Plus, now that I don't have cable, it's actually worse. I don't think I realized how bad it was until I started watching Lost in Thanksgiving of 2009. The sixth season premiered a few months after I started watching it from the beginning, and I was caught up, WITH TIME TO SPARE. One weekend I had the flu and I literally watched Lost for 9 hours. 9 HOURS. Who does that? I don't care how sick you are, there's no excuse unless you're a 100% ridiculous human being. Which I am.
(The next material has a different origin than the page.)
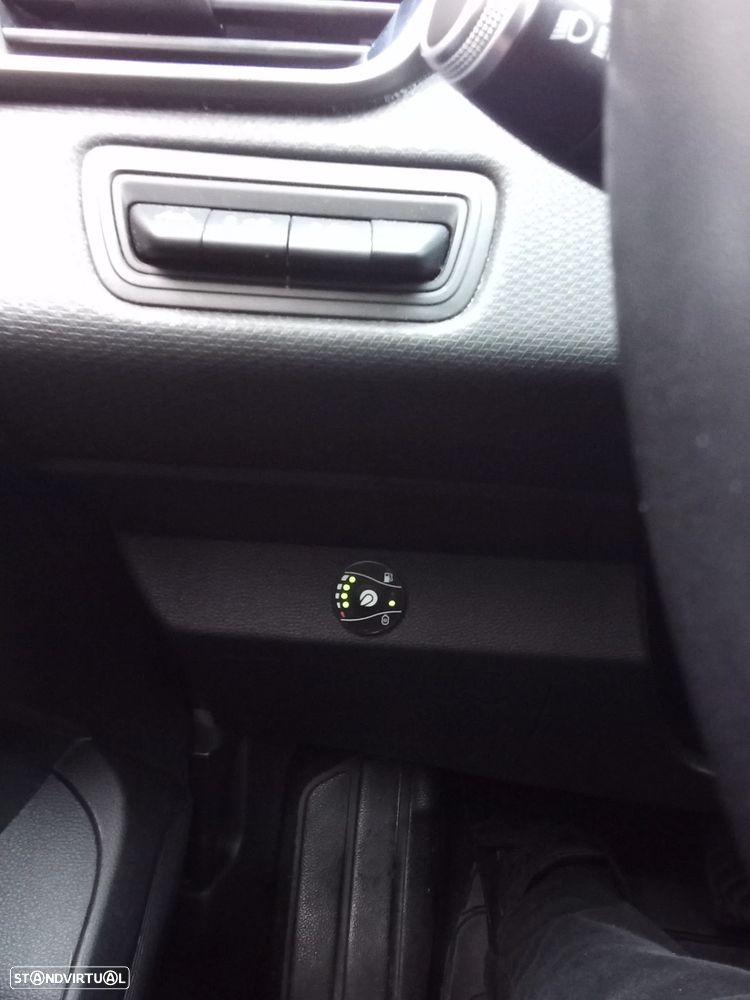 Renault Clio 1.0 TCe Intens Bi-Fuel - 10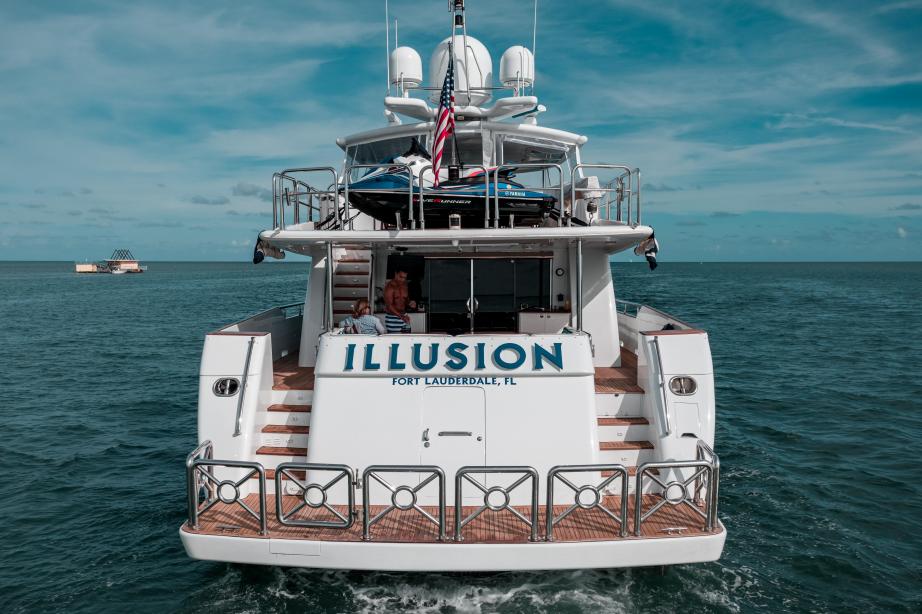 yacht Illusion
Another thing that happens is that once I catch up, I get so impatient waiting for one hour of each show per week that I abandon shows until I have at least 3 or 4 episodes to watch in a row. Occasionally, this results in high numbers of unwatched episodes, which stresses me out further. For instance, I am probably 31 episodes behind in Gossip Girl, which I love. I keep meaning to catch up, but it's a daunting task, and even though I prefer to watch TV in large quantities, even I get overwhelmed sometimes. And I worry. What if I'm too far gone when I start watching it again? What if I forgot what happened, and have to start even further back? What if I think I remember what happened, and then it turns out I forgot a tiny piece of something funny Chuck said and I miss some super-witty-wonderful or super-awful-hideous connection? What if, when I start watching again, I am unable to suspend my disbelief that a group of 6 people can have sex with every person in that group in every combination possible, being in love at least 50% of the time? Wait... who am I kidding? That will never be a problem. I'll always buy into that.

FOUR
I'm getting better about this, but cleaning has always been an issue. My mother can attest to this: As early as age 12, I fell into the trap of spending 11 hours cleaning my room every three months rather than spending the corresponding number of minutes each day. This only got worse in college, with more stuff and less space. It was further complicated by the fact that, in my first post-college apartment, my roommates moved in "college-style" (leaving 70% of their belongings at their parents' homes) while my mother was forcibly emptying out my childhood bedroom and sending it with me in minivanloads. I also have this terrible habit of putting things in "random buckets" (which may be bags, bins, unused space behind the printer, or other illogical locations that seem perfectly sensical at the time (Stephanie: I found the duck tea thing. Inquire within): My underwear drawer is important. I'll definitely remember that I put my camera / nail polish / copy of Atlas Shrugged / car keys / latex gloves / tiny lightbulbs from Ikea that fit only the lamp I bought from Ikea / slinky / hairbrush 1, 2 and 3 in here). Then, I make this grand plan to empty out the random buckets either in one fell swoop (all or nothing mentality) or bit by bit. Neither works. I'm getting better, and I have improved so much, but that's not exactly saying much, if you know what I mean. I should set the bar a little higher. Like, only underwear goes in the underwear drawer.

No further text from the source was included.